Plain bars with a diameter of 10 mm are widely used in reinforced concrete buildings, and the bond behavior between the bars and concrete has an essential effect on the seismic performance of concrete structures. Thus, to assess the safety of old buildings and repaired buildings with normal concrete, it was necessary to further investigate the bond performance of the plain bars in the concrete. The bonding tests under monotonic and reversed cyclic loading were carried out on the specimens reinforced with plain bars, and the influences of concrete grade and embedment length on the bond behavior were taken into consideration. The results indicate the maximum bond stress under reversed cyclic loading is less than that under monotonic loading, and this is the same for corresponding slip for the same test parameters. The concrete compressive strength positively affects the maximum bond stress, whereas the embedment length has a negative effect.
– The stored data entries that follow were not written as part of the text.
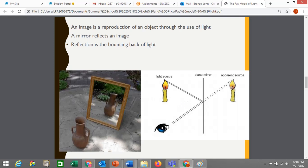The image is created because the observer's brain assumes that light travels in a straight line. The light actually stops traveling in a straight line at the mirror — it bounces there before continuing in a straight line. But your brain assumes it's always traveling in a straight line, so it will project the light rays behind the mirror and indicate that with dotted lines.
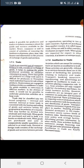Businessmen are engaged in trading activities as middlemen to make goods available to consumers in different markets. A businessman acting as a retailer provides goods directly to the consumer. In the absence of trade, it would not be possible to undertake production activity on a large scale.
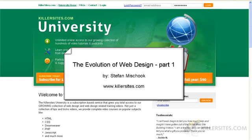Hey guys, this is Steph Mischuk with Killersites.com. In this podcast, videocast, or screencast — whatever you want to call it — I'm going to be discussing the evolution of web design.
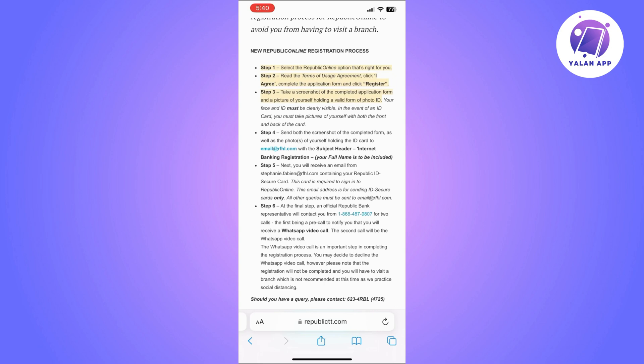You'll send these to the email that they have provided, which is email@rfhl.com. You will also need to add the subject header saying Internet Banking Registration.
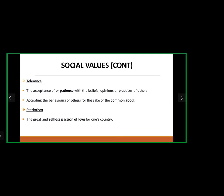Patriotism is a selfless passion of love for one's country — that love you have for your country. That is one of the examples of social values.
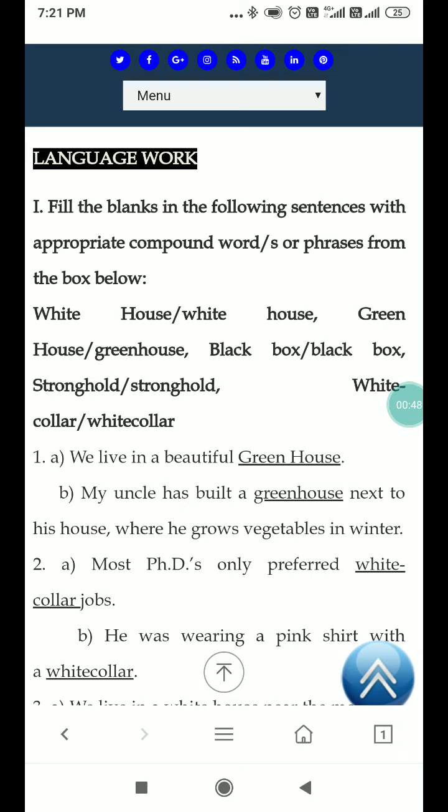Let's see the compound words or phrases that we read: white house, greenhouse, black box, stronghold, white collar.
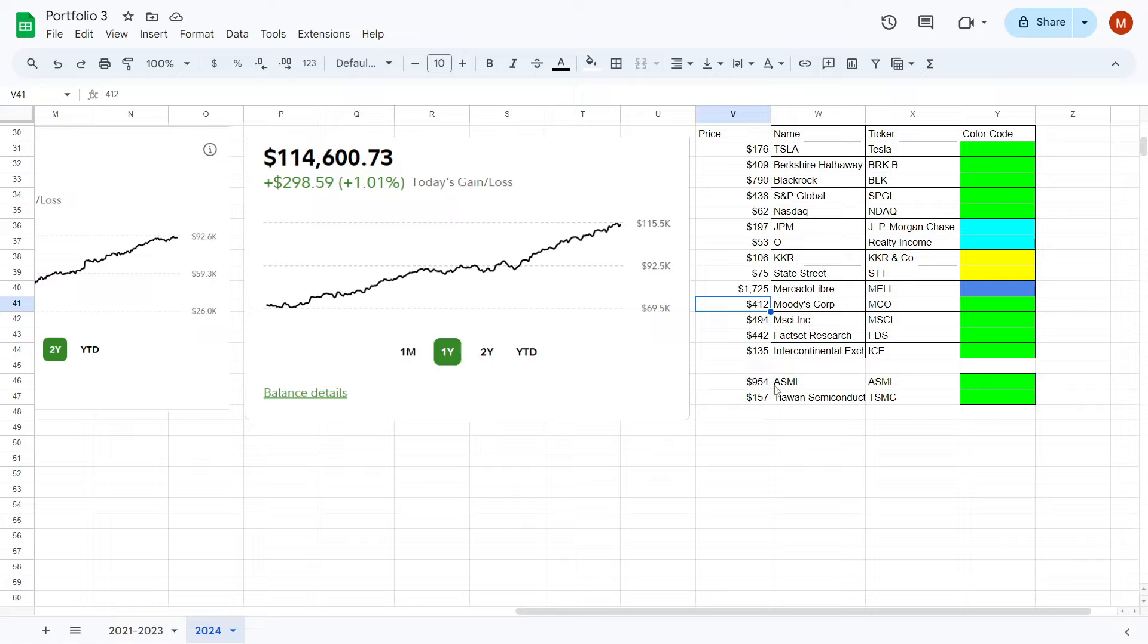And the two other stocks I decided to add recently was ASML and Taiwan Semiconductor. The reason behind this is because artificial intelligence is exploding right now to where companies like Nvidia, AMD, Intel, and Super Micro Computer, as well as other companies like Palantir Technologies, are riding this wave of artificial intelligence and technology.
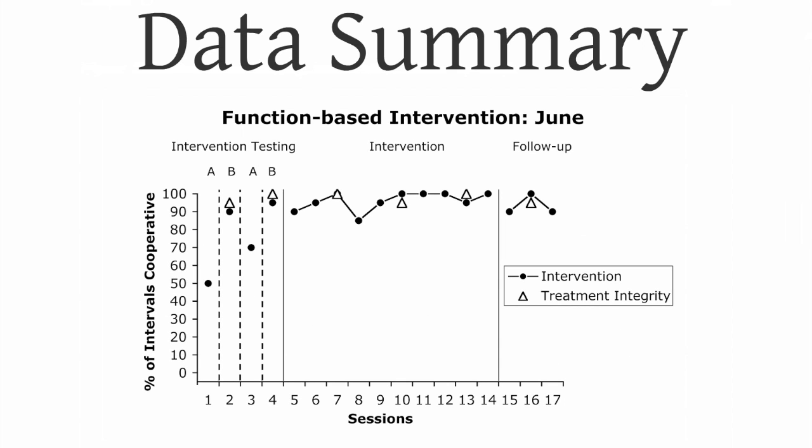We need to summarize that data regularly, and a graphic summary is the best way. So here immediately you can tell that we've tried out the intervention. This was baseline, implement the intervention, baseline, implement the intervention. It looks like the intervention leads to better, higher levels of the behavior,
Based on the elasticity analysis and test data fitting, the expressions of bond stress at characteristic points on the bond stress-slip curves were carried out. Consequently, the bond stress-slip model was established, which could be applied to calculate the bond stress-slip relationships under monotonic and reversed cyclic loading. By comparison between the test curves and proposed model, a good agreement is observed, which indicates that the proposed model can be used to predict the bond stress-slip curve of plain bars in concrete.